**Collected material**
::::::::::

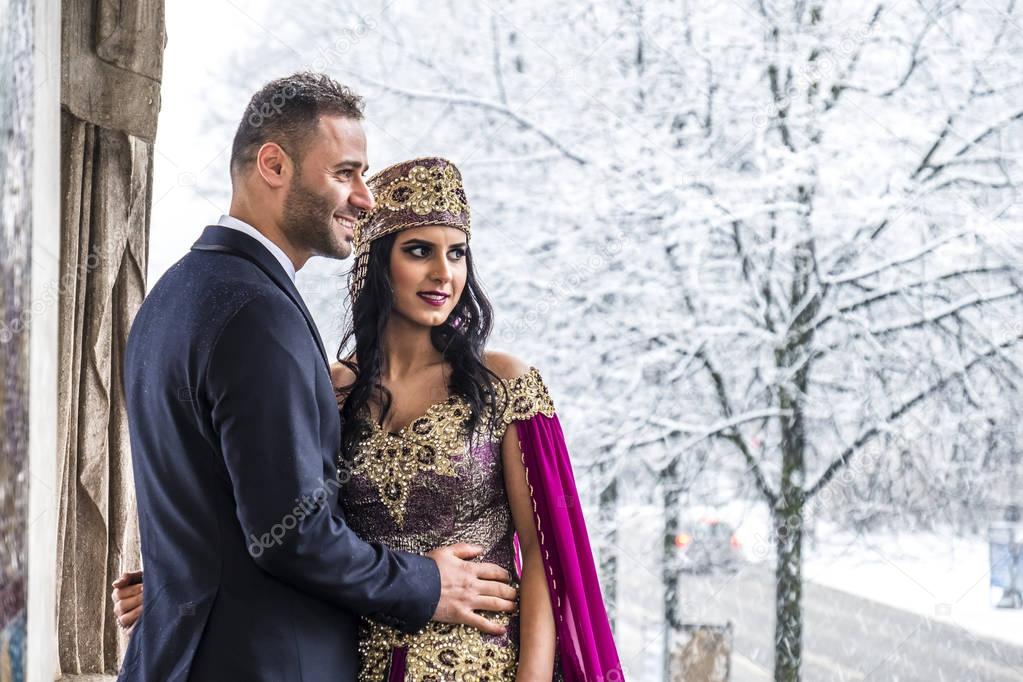 Happy couple in traditional turkish wedding dress during their wedding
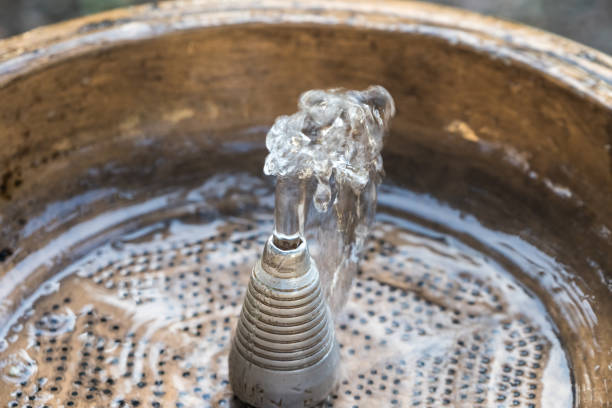 istock Close up water drops flowing from fountain 875100264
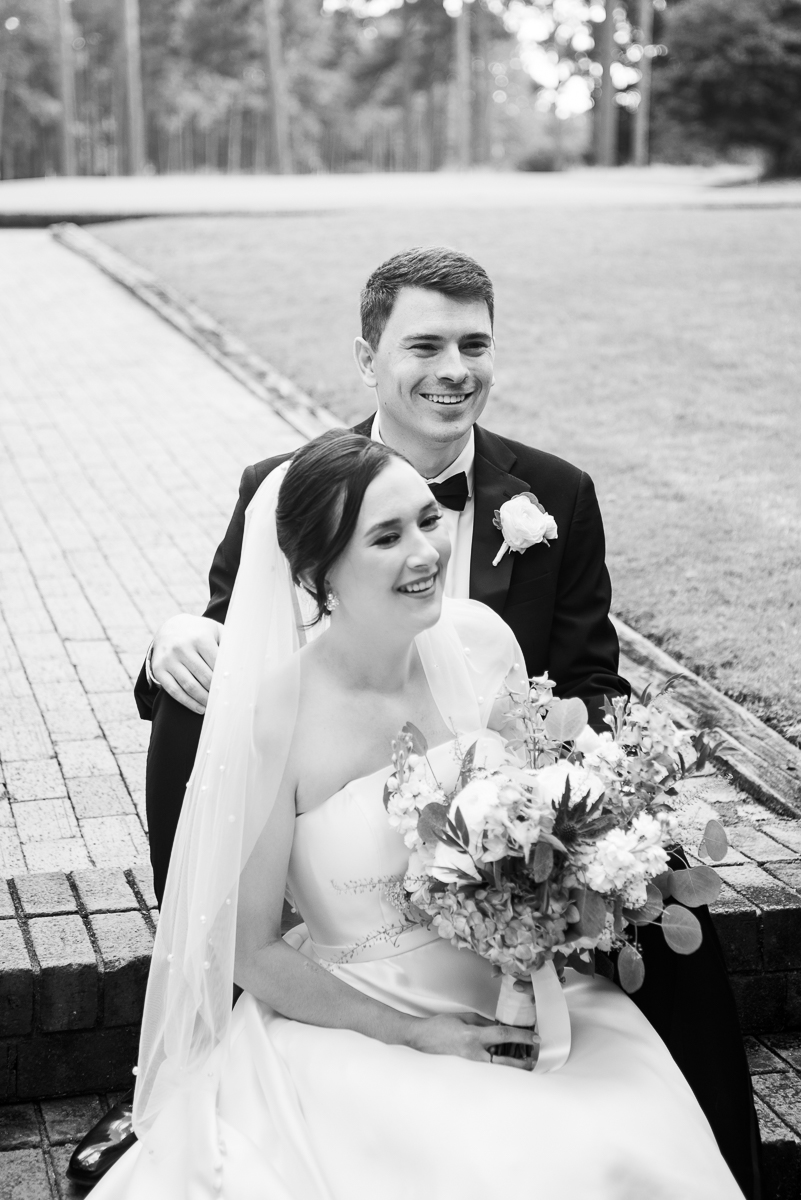 Black-and-white portrait of the wedding couple sitting together at the Country Club of North Carolina.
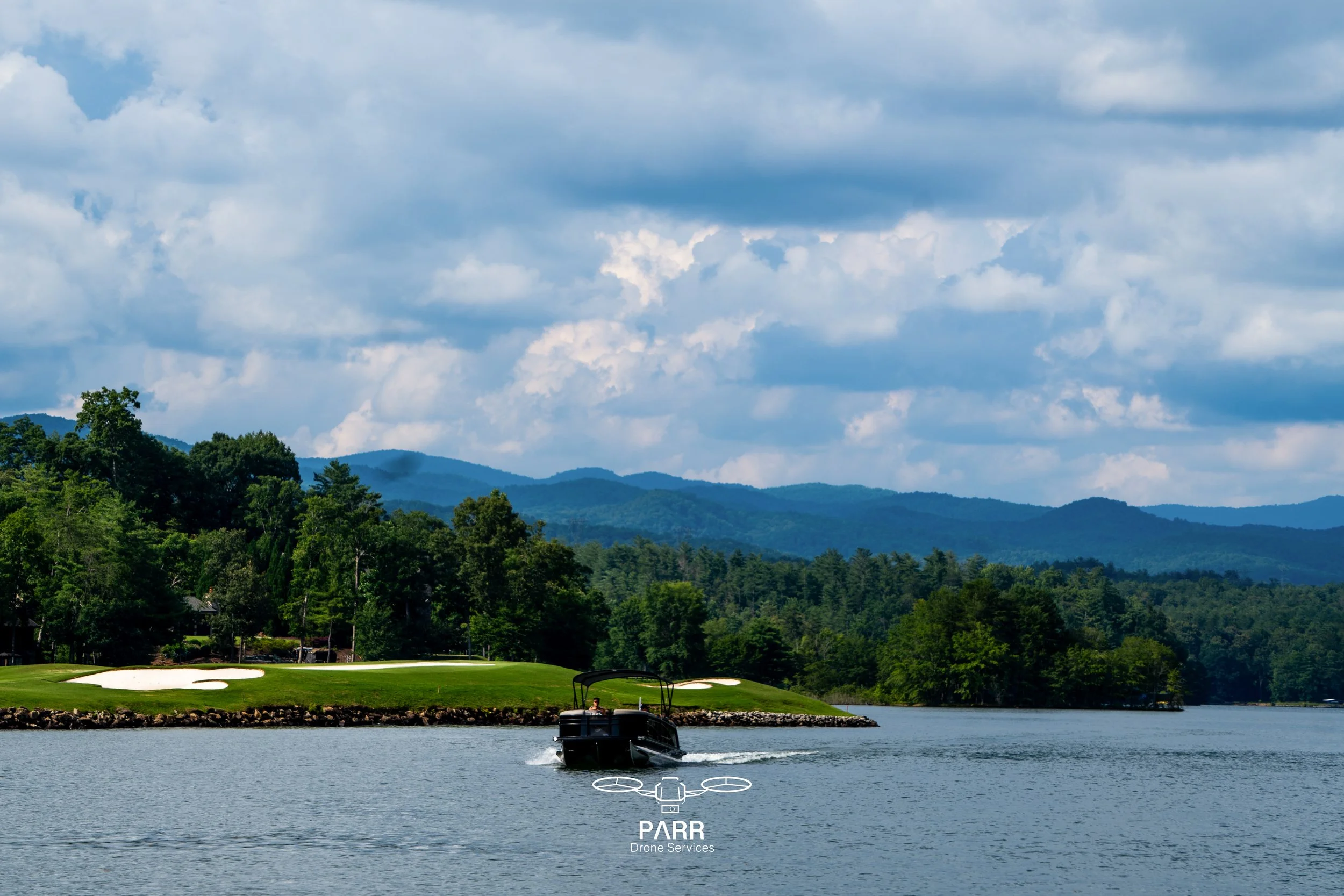 A boat is on a lake near a green golf course with sand traps, surrounded by trees and mountains under a cloudy sky.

::::::::::

**Task**
Copy the lines above exactly and exclude every image.

**Output for this task**
 Happy couple in traditional turkish wedding dress during their wedding
 istock Close up water drops flowing from fountain 875100264
 Black-and-white portrait of the wedding couple sitting together at the Country Club of North Carolina.
 A boat is on a lake near a green golf course with sand traps, surrounded by trees and mountains under a cloudy sky.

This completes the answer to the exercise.